I am also confused about what the third argument in the WriteFile function should be. In the documentation is says of type " perm os.FileMode" but since I am new to programming and Go I am a bit clueless.
Does anybody have any tips on how to proced?
Thanks in advance,
Marie
// reads the file txt.txt
bs, err := ioutil.ReadFile("text.txt")
if err != nil { //may want logic to create the file if it doesn't exist
panic(err)
}
var userInput []string
var err error = nil
var n int
//read in multiple lines from user input
//until user enters the EOF char
for ln := ""; err == nil; n, err = fmt.Scanln(ln) {
if n > 0 { //we actually read something into the string
userInput = append(userInput, ln)
} //if we didn't read anything, err is probably set
}
//open the file to append to it
//0666 corresponds to unix perms rw-rw-rw-,
//which means anyone can read or write it
out, err := os.OpenFile("text.txt", os.O_APPEND, 0666)

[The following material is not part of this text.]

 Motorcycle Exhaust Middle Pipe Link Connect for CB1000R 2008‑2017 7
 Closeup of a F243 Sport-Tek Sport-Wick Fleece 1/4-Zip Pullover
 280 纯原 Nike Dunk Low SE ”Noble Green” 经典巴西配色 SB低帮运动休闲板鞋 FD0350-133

defer out.Close() //we'll close this file as we leave scope, no matter what
if err != nil { //assuming the file didn't somehow break
//write each of the user input lines followed by a newline
for _, outLn := range userInput {
io.WriteString(out, outLn+"\n")
}
}
I've made sure this compiles and runs on play.golang.org, but I'm not at my dev machine, so I can't verify that it's interacting with Stdin and the file entirely correctly. This should get you started though.
For example,
package main
import (
"fmt"
"io/ioutil"
"os"
)
func main() {
fname := "text.txt"
// print text file
textin, err := ioutil.ReadFile(fname)
if err == nil {
fmt.Println(string(textin))
}
// append text to file
f, err := os.OpenFile(fname, os.O_CREATE|os.O_APPEND|os.O_WRONLY, 0666)
if err != nil {
panic(err)
}
var textout string
fmt.Scanln(&textout)
_, err = f.Write([]byte(textout))
if err != nil {
panic(err)
}
f.Close()
// print text file
textin, err = ioutil.ReadFile(fname)
if err != nil {
panic(err)
}
fmt.Println(string(textin))
}
If you simply want to append the user's input to a text file, you could just read the
input as you've already done and use ioutil.WriteFile, as you've tried to do.

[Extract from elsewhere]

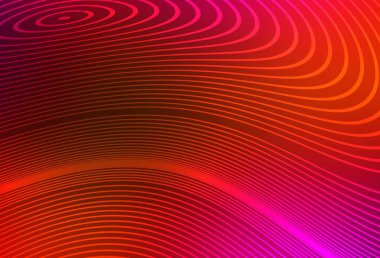 Açık Pembe, kıvrımlı çizgileri olan kırmızı vektör arkaplan. Eğilimli soyut bir çizim. Web siteniz için soyut tasarım.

So you already got the right idea.
To make your way go, the simplified solution would be this:
// Read old text
current, err := ioutil.ReadFile("text.txt")
// Standard input from keyboard
var userInput string
fmt.Scanln(&userInput)
// Append the new input to the old using builtin `append`
newContent := append(current, []byte(userInput)...)

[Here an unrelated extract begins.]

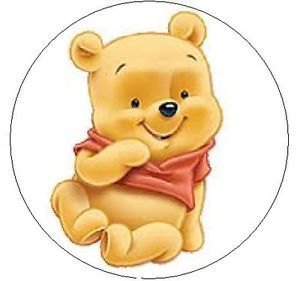 Baby Winnie The Pooh 1" Round Labels Seals Stickers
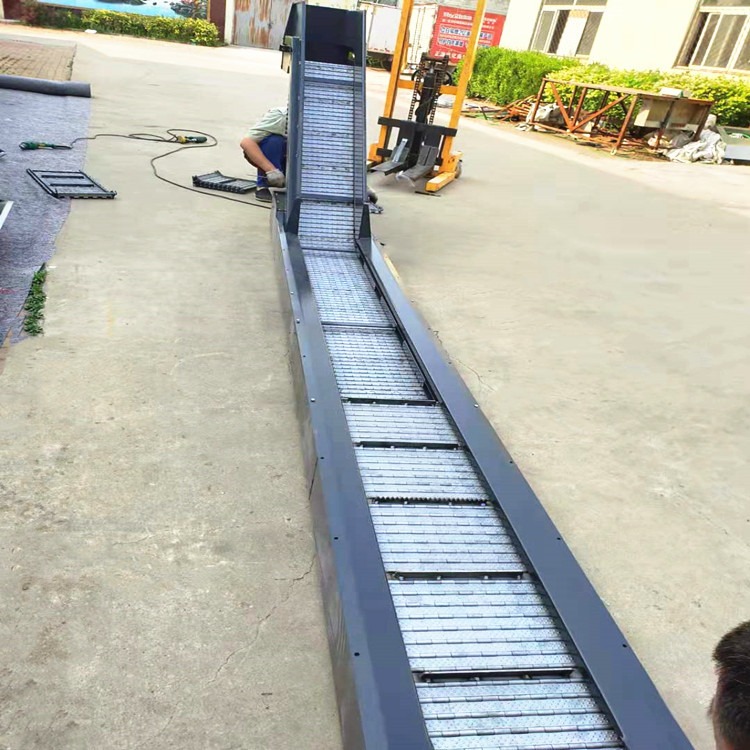 台湾立式车床履带排屑机 鑫姆迪克定做机床排屑机质量有保证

// Now write the input back to file text.txt
err = ioutil.WriteFile("text.txt", newContent, 0666)
The last parameter of WriteFile is a flag which specifies the various options for
files. The higher bits are options like file type (os.ModeDir, for example) and the lower
bits represent the permissions in form of UNIX permissions (0666, in octal format, stands for user rw, group rw, others rw). See the documentation for more details.
Now that your code works, we can improve it. For example by keeping the file open
instead of opening it twice:
// Open the file for read and write (O_RDRW), append to it if it has
// content, create it if it does not exit, use 0666 for permissions
// on creation.
file, err := os.OpenFile("text.txt", os.O_RDWR|os.O_APPEND|os.O_CREATE, 0666)
// Close the file when the surrounding function exists
defer file.Close()
// Read old content
current, err := ioutil.ReadAll(file)
// Do something with that old content, for example, print it
fmt.Println(string(current))
// Standard input from keyboard
var userInput string
fmt.Scanln(&userInput)
// Now write the input back to file text.txt
_, err = file.WriteString(userInput)
The magic here is, that you use the flag os.O_APPEND while opening the file,
which makes file.WriteString() append. Note that you need to close the file after
opening it, which we do after the function exists using the defer keyword.